Start of SOURCE DATA

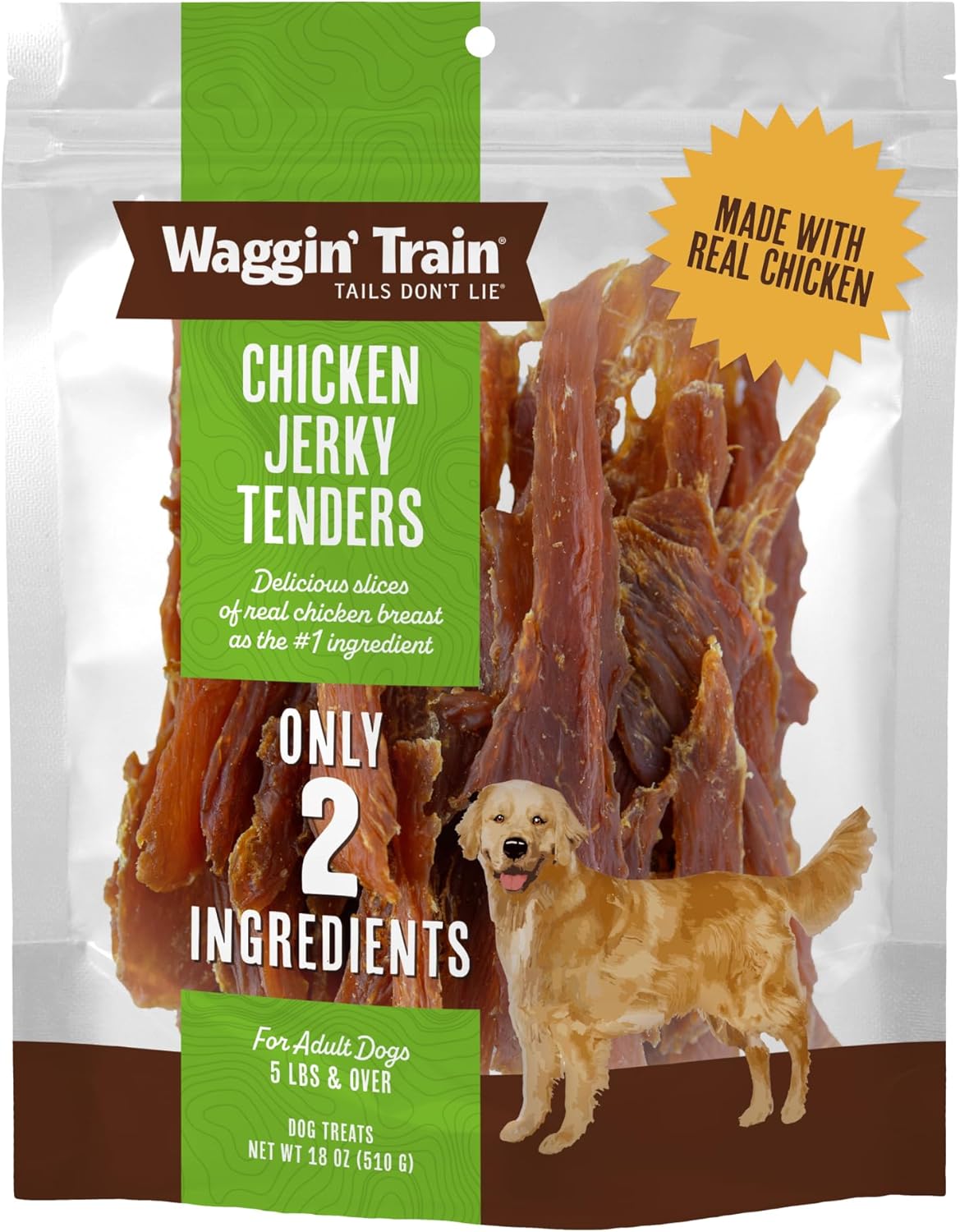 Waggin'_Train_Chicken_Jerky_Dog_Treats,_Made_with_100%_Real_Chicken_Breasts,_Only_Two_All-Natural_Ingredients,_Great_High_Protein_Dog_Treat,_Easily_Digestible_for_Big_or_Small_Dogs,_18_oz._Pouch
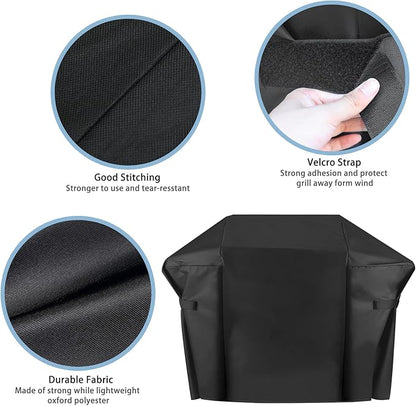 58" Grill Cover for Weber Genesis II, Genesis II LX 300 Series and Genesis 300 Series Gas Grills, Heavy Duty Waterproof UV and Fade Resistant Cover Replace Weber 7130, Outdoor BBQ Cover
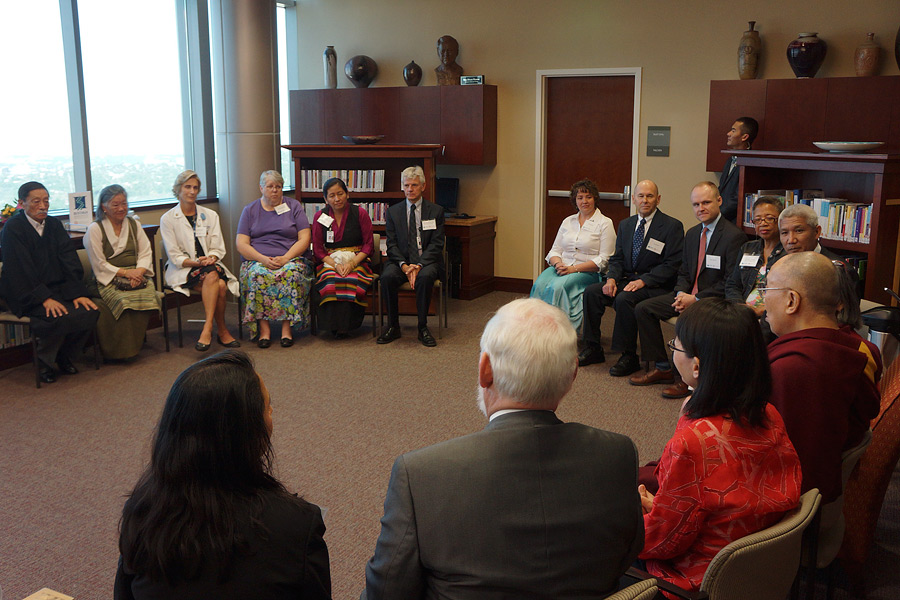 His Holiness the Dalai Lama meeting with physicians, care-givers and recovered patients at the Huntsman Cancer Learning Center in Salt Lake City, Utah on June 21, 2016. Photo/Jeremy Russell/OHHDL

End of SOURCE DATA

__ACTION ITEM__
Transcribe the listing in full. Omit the pictures and keep every line exact.

__TASK RESPONSE__
 Waggin'_Train_Chicken_Jerky_Dog_Treats,_Made_with_100%_Real_Chicken_Breasts,_Only_Two_All-Natural_Ingredients,_Great_High_Protein_Dog_Treat,_Easily_Digestible_for_Big_or_Small_Dogs,_18_oz._Pouch
 58" Grill Cover for Weber Genesis II, Genesis II LX 300 Series and Genesis 300 Series Gas Grills, Heavy Duty Waterproof UV and Fade Resistant Cover Replace Weber 7130, Outdoor BBQ Cover
 His Holiness the Dalai Lama meeting with physicians, care-givers and recovered patients at the Huntsman Cancer Learning Center in Salt Lake City, Utah on June 21, 2016. Photo/Jeremy Russell/OHHDL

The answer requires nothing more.